Unilever (Photo: M.Minderhoud/Wikimedia Commons)Unilever (Photo: M.Minderhoud/Wikimedia Commons)

Like Shell, Unilever also came up with a construction that should ensure that its British shareholders will not have to pay dividend tax now that the Dutch-British company will be based in the Netherlands, RTL Nieuws reports. 

Over the weekend newspaper Trouw revealed that Shell and its shareholders are avoiding paying dividend tax through a special tax ruling made with the Dutch Tax Authority in 2005 - when the Dutch and British branches of the oil and gas giant merged and its headquarters were established in the Netherlands. Great Britain doesn't have dividend tax, but the Netherlands does. This ruling was made so that British shareholders could continue to not pay this tax. 

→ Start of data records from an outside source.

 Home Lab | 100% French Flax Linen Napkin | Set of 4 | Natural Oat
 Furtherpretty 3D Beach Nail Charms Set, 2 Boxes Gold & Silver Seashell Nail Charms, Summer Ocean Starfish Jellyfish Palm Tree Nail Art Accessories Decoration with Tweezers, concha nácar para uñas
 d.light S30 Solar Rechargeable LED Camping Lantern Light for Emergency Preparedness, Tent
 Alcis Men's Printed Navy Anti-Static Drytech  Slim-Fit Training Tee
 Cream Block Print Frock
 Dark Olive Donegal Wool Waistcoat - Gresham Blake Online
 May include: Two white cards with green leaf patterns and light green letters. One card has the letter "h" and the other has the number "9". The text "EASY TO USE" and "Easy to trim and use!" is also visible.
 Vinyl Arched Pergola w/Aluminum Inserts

Unilever is now faced with the same dilemma. The company is merging its British and Dutch offices, and moving to the Netherlands. But that means that its British shareholders will suddenly be subject to the Netherlands' dividend tax, at least until this tax is abolished in 2020 as the Rutte III government plans. 

The foodstuff company is tackling this problem somewhat differently than Shell did, but with the same outcome, according to RTL Nieuws. Shareholders who do not want to pay dividend tax, are offered a way out. In a statement on the company's website, Unilever wrote that shareholders of the new holding company will soon be given the opportunity to receive "distributions in the form of capital repayment", which are not subject to dividend tax. The company states that this measure will apply until dividend tax is abolished in the Netherlands.

In a response to RTL, Unilever wrote: "On the basis of the dividend tax law, any company with sufficient equity may choose to repay capital instead of paying out dividends. The repayment of capital is not subject to dividend tax."

Unilever and Shell were two of the biggest advocates for the abolishment of dividend tax in the Netherlands. The Rutte III government's decision to abolish this tax caused some controversy in the Netherlands, as the measure was not mentioned in any of the four coalition parties' election programs. According to AD, the measure was brought up by Unilever and Shell, among others, during the coalition negotiations.